As is seen in the Athrabeth, Finrod is deeply moved and amazed to discover this tradition. He uncovers a concomitant tradition that the change in the condition of Men from their original design was due to a primeval disaster, about which human lore is unclear, or Andreth is at least unwilling to say much. (See Note 9) He remains, nonetheless, in the opinion that the condition of Men before the disaster (or as we might say, the condition of unfallen Man) cannot have been the same as that of the Elves. That is, their 'immortality' cannot have been the longevity within Arda of the Elves; otherwise they would have been simply Elves, and their separate introduction later into the Drama by Eru would have no function. He thinks that the notion of Men that, unchanged, they would not have died (in the sense of leaving Arda) is due to human misrepresentation of their own tradition, and possibly to envious comparison of themselves to the Elves. For one thing, he does not think this fits, as we might say, 'the observable peculiarities of human psychology', as compared with Elvish feelings towards the visible world.  

He therefore guesses that it is the fear of death that is the result of the disaster. It is feared because it now is combined with severance of hröa and fëa. But the fëar of Men must have been designed to leave Arda willingly or indeed by desire — maybe after a longer time than the present average human life, but still in a time very short compared with Elvish lives. Then basing his argument on the axiom that severance of hröa and fëa is unnatural and contrary to design, he comes (or if you like jumps) to the conclusion that the fëa of unfallen Man would have taken with it its hröa into the new mode of existence (free from Time). In other words, that 'assumption' was the natural end of each human life, though as far as we know it has been the end of the only 'unfallen' member of Mankind} He then has a vision of Men as the agents of the 'unmarring' of Arda, not merely undoing the marring or evil wrought by Melkor, but by producing a third thing, 'Arda Re-made' — for Eru never merely undoes the past, but brings into being something new, richer than the 'first design'. In Arda Re-made Elves and Men will each separately find joy and content, and an interplay of friendship, a bond of which will be the Past.  

Andreth says that in that case the disaster to Men was appalling; for this re-making (if indeed it was the proper function of Men) cannot now be achieved. Finrod evidently remains in the hope that it will be achieved, though he does not say how that could be.
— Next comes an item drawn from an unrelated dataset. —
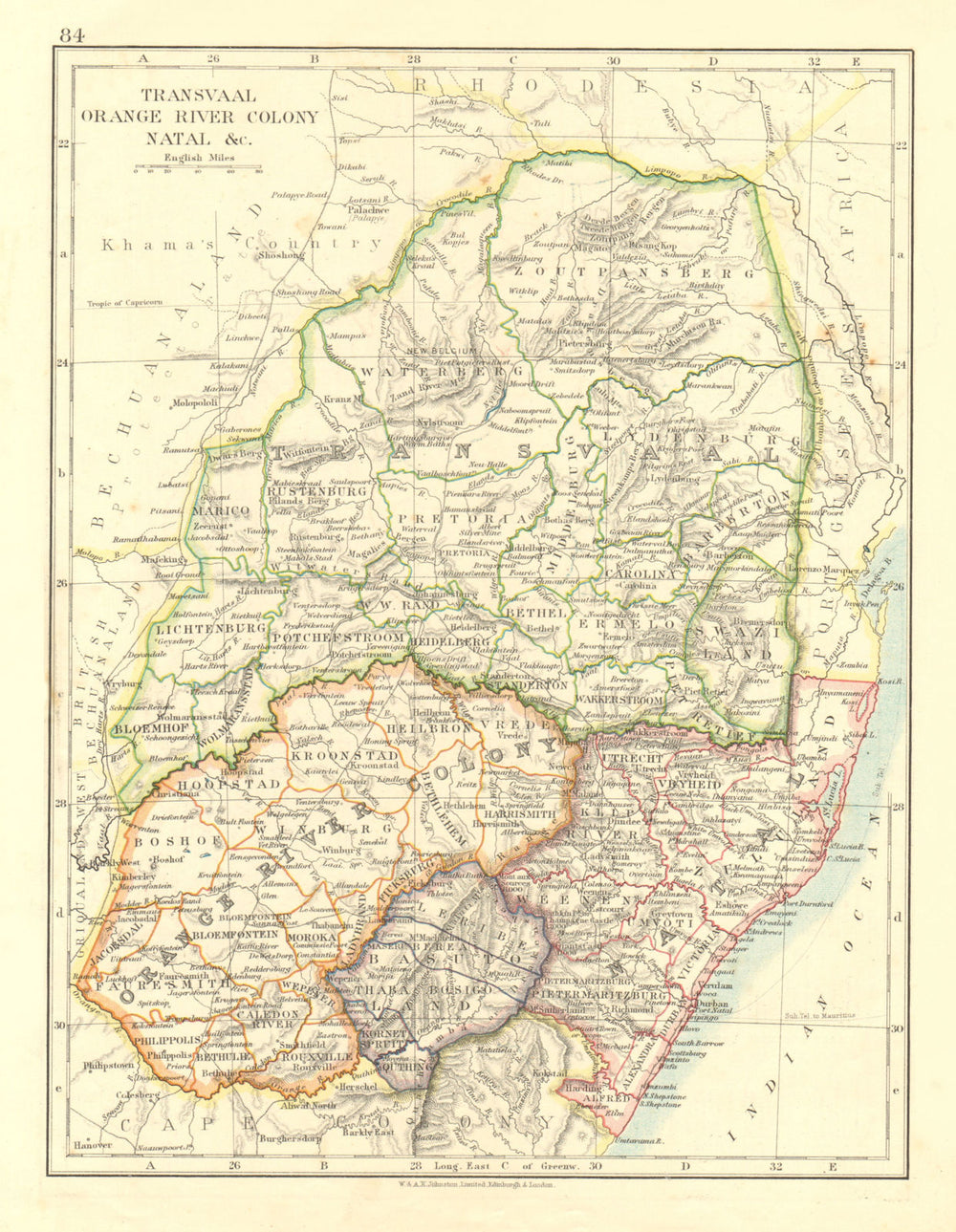 COLONIAL SOUTH AFRICA. Orange River Colony Natal Basutoland Transvaal 1906 map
He now sees, however, that the power of Melkor was greater than had been understood (even by the Elves, who had actually seen him in incarnate form): if he had been able to change Men, and so destroy the plan.

More strictly speaking, he would say that Melkor had not 'changed' Men, but 'seduced' them (to allegiance to himself) very early in their history, so that Eru had changed their 'fate'. For Melkor could seduce individual minds and wills, but he could not make this heritable, or alter (contrary to the will and design of Eru) the relation of a whole people to Time and Arda. But the power of Melkor over material things was plainly vast. The whole of Arda (and indeed probably many other parts of Eä) had been marred-by him. Melkor was not just a local Evil on Earth, nor a Guardian Angel of Earth who had gone wrong: he was the Spirit of Evil, arising even before the making of Eä. His attempt to dominate the structure of Eä, and of Arda in particular, and alter the designs of Eru (which governed all the operations of the faithful Valar), had introduced evil, or a tendency to aberration from the design, into all the physical matter of Arda. It was for this reason, no doubt, that he had been totally successful with Men, but only partially so with Elves (who remained as a people 'unfallen'). His power was wielded over matter, and through it. (See Note 10) But by nature the fëar of Men were in much less strong control of their hröar than was the case with the Elves. Individual Elves might be seduced to a kind of minor 'Melkorism': desiring to be their own masters in Arda, and to have things their own way, leading in extreme cases to rebellion against the tutelage of the Valar; but not one had ever entered the service or allegiance of Melkor himself, nor ever denied the existence and absolute supremacy of Eru. Some dreadful things of this sort, Finrod guesses, Men must have done, as a whole; but Andreth does not reveal what were Men's traditions on this point. (See Note 9)

Finrod, however, sees now that, as things were, no created thing or being in Arda, or in all Eä, was powerful enough to counteract or heal Evil: that is to subdue Melkor (in his present person, reduced though that was) and the Evil that he had dissipated and sent out from himself into the very structure of the world. 

Only Eru himself could do this. Therefore, since it was unthinkable that Eru would abandon the world to the ultimate triumph and domination of Melkor (which could mean its ruin and reduction to chaos), Eru Himself must at some time come to oppose Melkor. But Eru could not enter wholly into the world and its history, which is, however great, only a finite Drama. He must as Author always remain 'outside' the Drama, even though that Drama depends on His design and His will for its beginning and continuance, in every detail and moment. Finrod therefore thinks that He will, when He comes have to be both 'outside' and inside and so he glimpses the possibility of complexity or of distinctions in the nature of Eru which nonetheless leaves Him 'The One'. (See Note 11) Since Finrod had already guessed that the redemptive function was originally, specially assigned to Men, he probably proceeded to the expectation that 'the coming of Eru', if it took place, would be specially and primarily concerned with Men: that is to an imaginative guess or vision that Eru would come incarnated in human form. This, however, does not appear in the Athrabeth.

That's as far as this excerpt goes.